MWCS-28 Unit History

Since September 1, 1967, the Marine Wing Communications Squadron 28 “Spartans” have consistently excelled in a wide variety of operational environments, training exercise, and garrison support roles to provide robust, timely, and highly reliable expeditionary communications to the 2d Marine Aircraft Wing’s Aviation Combat Elements and to elements of the II Marine Expeditionary Force. For more than four decades, our Marines’ technical and tactical proficiency has connected warfighters with the combat power of the Marine Air Ground Task Force. Our unit’s contributions to our Corps’ history, legacy, and traditions are indelibly imprinted in command lineages, unit histories, and command chronologies.

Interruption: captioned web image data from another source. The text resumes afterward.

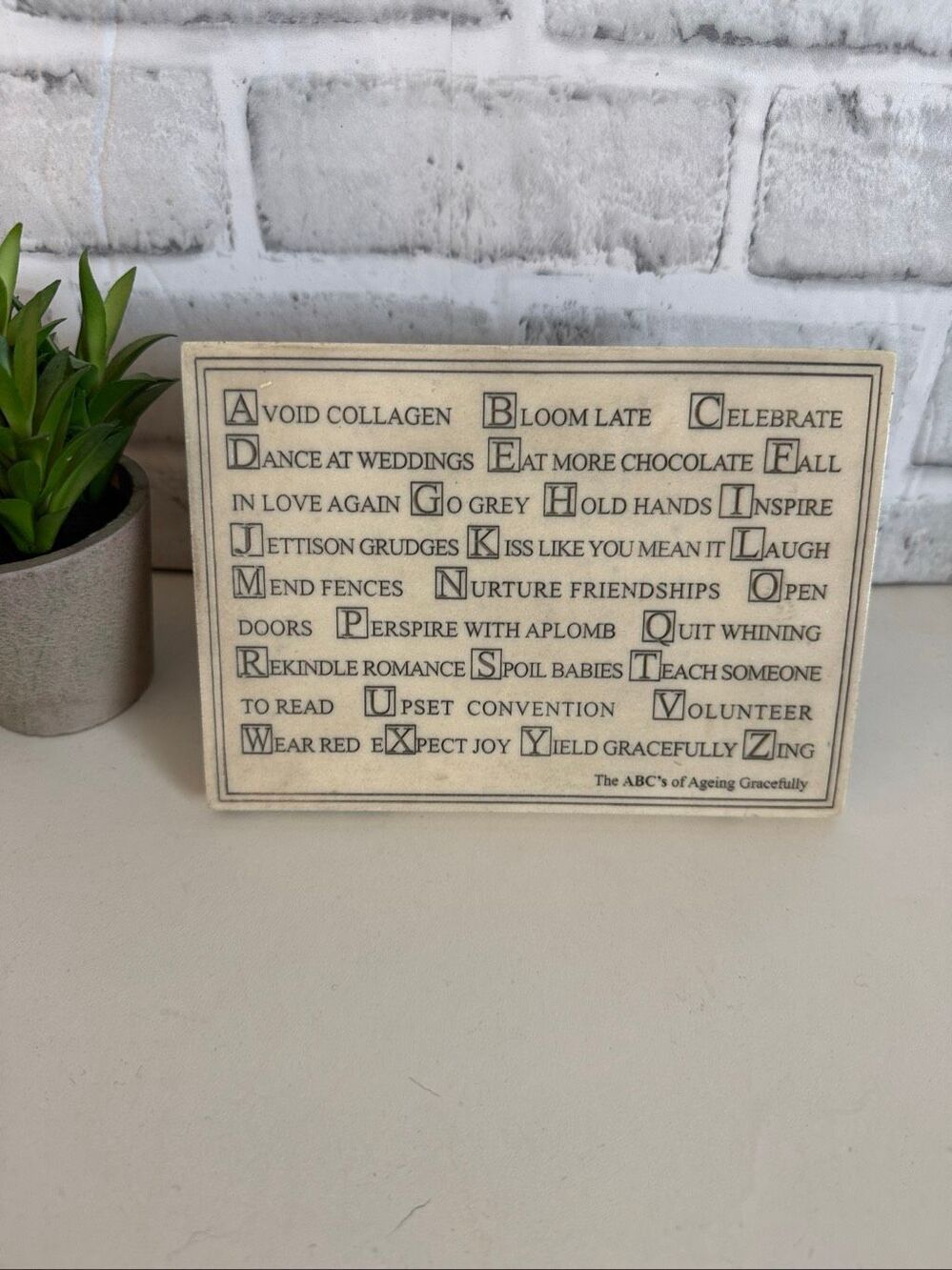 Vintage House Parts Inc "ABC's of Aging Gracefully" Faux Marble Stone Plaque Sig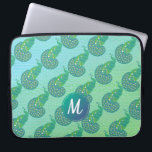 Teal Green iridescent Peacock Pattern Monogram Laptop Sleeve<br><div class="desc">Cute peacock pattern on green and aquamarine two tone coloured background with elegant monogram.</div>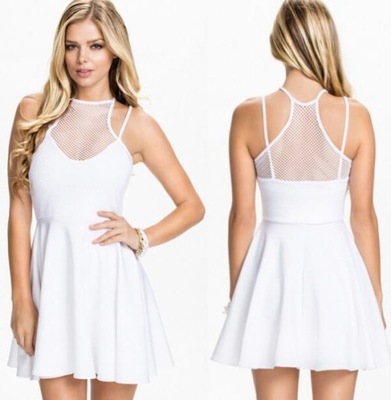 Biała rozkloszowana sukienka z siateczką L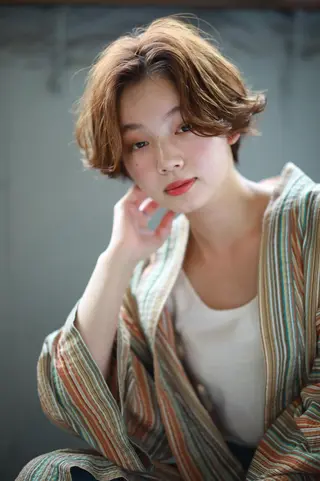 ショート カラー パーマ 💈Chlom💈_ 公式_NewOpenのヘアスタイル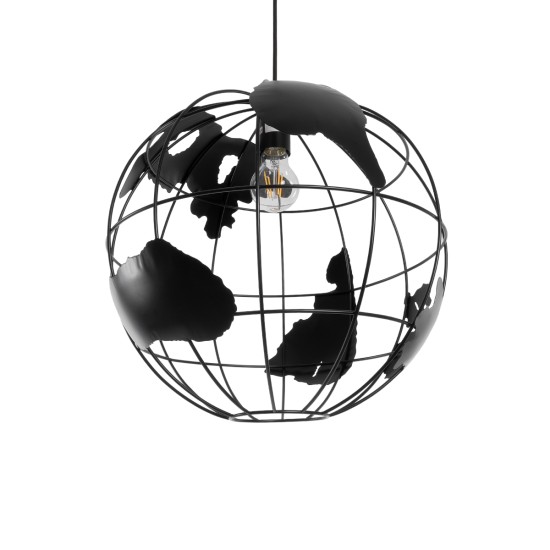 GLOBOSTAR® EARTH 01663 Vintage Κρεμαστό Φωτιστικό Οροφής με Ντουί 1 x E27 AC 220-240V IP20 - Μαύρο - Μ40 x Π40 x Υ38cm GLOBOSTAR® EARTH 01663 Vintage Κρεμαστό Φωτιστικό Οροφής με Ντουί 1 x E27 AC 220-240V IP20 - Μαύρο - Μ40 x Π40 x Υ38cm
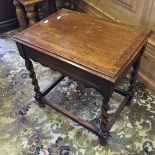 An oak sewing box with barley twist legs and stretchers. 510 mm H xz 510 mm x 320 mm.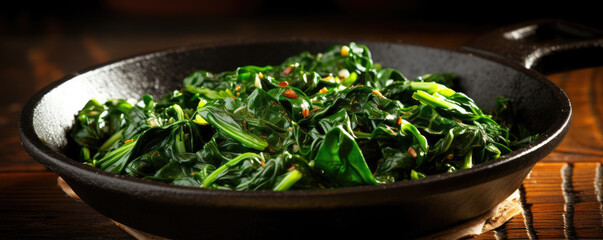 Green fresh spinach in a cast iron skillet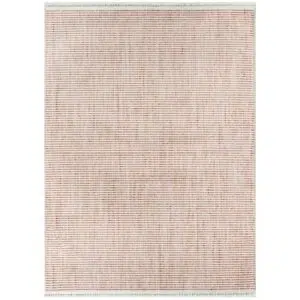 Berno Pink Ivory Loop Stripes Rug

While the methods of employment and the systems enabling this Squadron’s support of Aviation Combat Elements and the Marine Air Ground Task Forces have changed, our purpose has remained unchanged: provide expeditionary communications to enable task-organized Aviation Combat Elements, in support of ground forces, to fight and win our Nation’s battles.

Early History: 1960s and 1970s Throughout the Squadron's early history, MWCS-28 supported a variety of large scale, Joint, and Coalition exercises tying aviation assets and aviation command and control agencies to the Marine Air Ground Task Force. In the context of the Squadron’s establishment during the Vietnam War, the Squadron's contributions and participation in these specific types of exercises ensured the 2d Marine Aircraft Wing's and the Corps' ability to provide combat power during major combat operations. Originally designated Marine Wing Communications Squadron 2, MWCS-28 was formed on 1 September 1967. MWCS-2 was organized by aggregating the organic communications sections from Marine Air Control Group 2's subordinate squadrons in to a single, centralized communications element. MWCS-2, under the command of Major Madigan with 5 officers and 55 enlisted Marines, reported to Marine Wing Headquarters Group 2. In 1972, MWCS-2 was re-designated as MWCS-28 and was reassigned to its present higher headquarters, Marine Air Control Group 28.

Exercises like "Operation Teamwork 76" in Europe and "Operation Bonded Item 76" in Denmark and West Germany supported the employment of aviation assets to North Atlantic Treaty Organization forces. Additionally, exercises like "Exotic Dancer III" and Exotic Dancer IV", held at Camp Lejeune, North Carolina, were two of the largest military operations outside the Vietnam War. These exercises provided communications support to 60,000 troops from all branches of the armed forces, and supported the Wing's core competencies during major combat operations.

On 6 September 1979, a massive fire ruined MWCS-28's Headquarters buildings. Maintaining their focus on mission accomplishment, seven days after the fire, the Squadron embarked on ships bound for Turkey on 13 September to participate in "Display Determination 79." During this exercise, MWCS-28 Marines enabled command and control for Marine Aircraft Group 20. During their first 13 years, MWCS-28 supported core competencies for aviation elements during major combat operations and demonstrated the ability to tailor and scale communications support to enable Joint, Coalition, Wing, and Group-level elements.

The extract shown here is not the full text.